Análisis y tipificación de errores lingüísticos para una propuesta de mejora de informes médicos en español

  1. López Hernández, Jésica
Supervised by:
  1. Ángela Almela Sánchez-Lafuente Director
  2. Fernando Molina Molina Director
  3. Rafael Valencia García Director

Defence university: Universidad de Murcia

Fecha de defensa: 18 May 2022

Committee:
  1. Pascual Cantos Gómez Chair
  2. Gema Alcaraz Mármol Secretary
  3. Mario Andrés Paredes Valverde Committee member
Department:
  1. English Philology

Type: Thesis

Abstract

The main purpose of this research is the detection, analysis and classification of linguistic errors in medical reports in Spanish. The most current and powerful automatic correction systems, such as neural network-based architectures, require large training data sets for optimal performance. Therefore, artificial error collection and generation for training systems have gained importance in natural language processing, due to the scarcity of available biomedical domain corpora. The development of an error typology from the empirical study of a corpus of medical reports will make it possible to add new patterns to the generation of errors in a more exhaustive way and the creation of more robust models for data processing in medicine. A corpus made up of real medical reports from four specialties (emergency medicine, ICU, general surgery and psychiatry), with more than two million tokens, has been analyzed for error detection and classification.
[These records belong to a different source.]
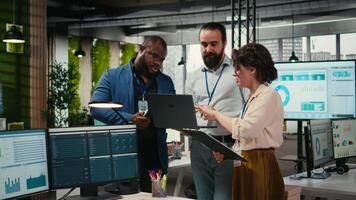 Diverse group of employees collaborate on project planning and analysis, using data from charts on tablet to drive performance metrics. Fostering teamwork and a workplace alliance. Camera A. video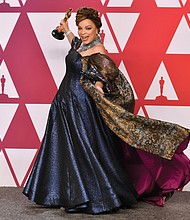 Ruth E. Carter prances in the press room with her Oscar for best costume design for the blockbuster hit “Black Panther.” She is the first African-American to win in that category.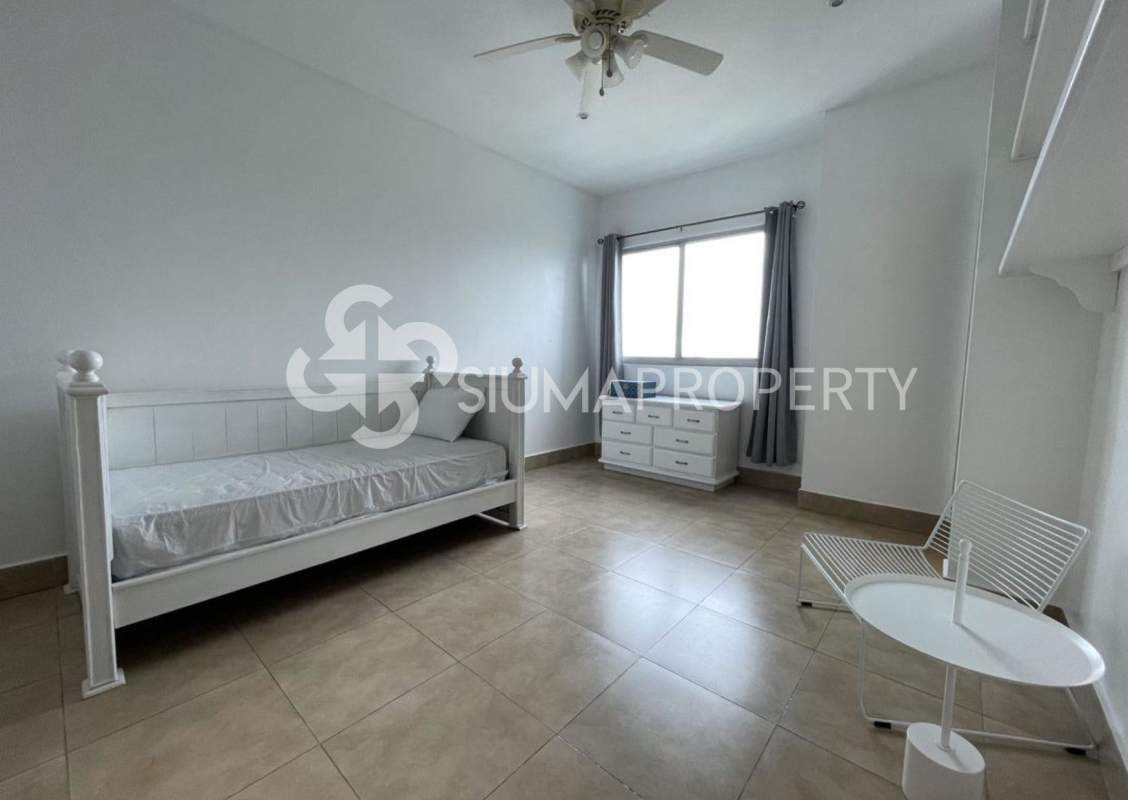 Minimalist bedroom with white furniture and tile floors Costa del Este Panama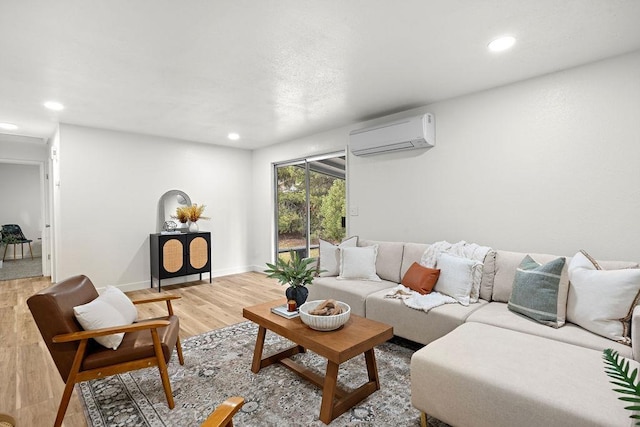 living area with a wall mounted air conditioner, light wood-style floors, recessed lighting, and baseboards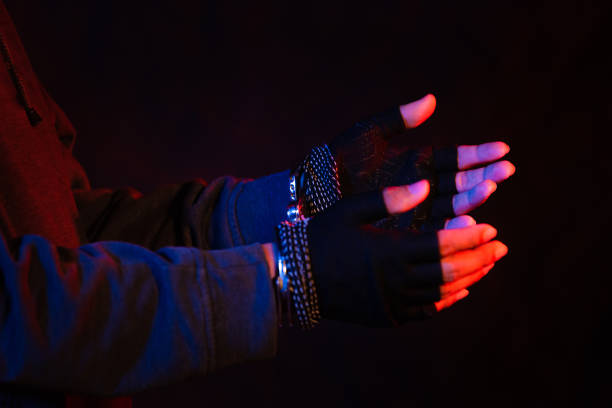 istock Men with handcuffs in front on black background.close-up view 1213691562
The methodological approach developed has included different detection and automatic correction techniques, including the implementation of a linguistic model based on n-grams, the vector representation of the corpus words from Word2Vec and the grammatical labeling of the corpus. An error calculation and classification method has been developed, and a quantitative and qualitative analysis of the results obtained has been carried out. The results have made it possible to identify similarities and differences between these specialties and have shown that the specialty with the highest rate of errors in medical reports is emergency medicine. Most of the erroneous words are within one edit distance of the corresponding correct word, and a large part of the errors detected are concentrated in a small number of characters and the most common type of error is omission. Many of the errors have consistent reproduction patterns that can be systematized, such as the substitution of characters with phonetic similarities, errors caused by ignorance of the current orthographic norm, and errors derived from the use of the keyboard. To summarize, this doctoral thesis aims to be a contribution to the study of linguistic errors in medical reports in order to provide a base of linguistic knowledge to the existing detection and correction methods for this domain.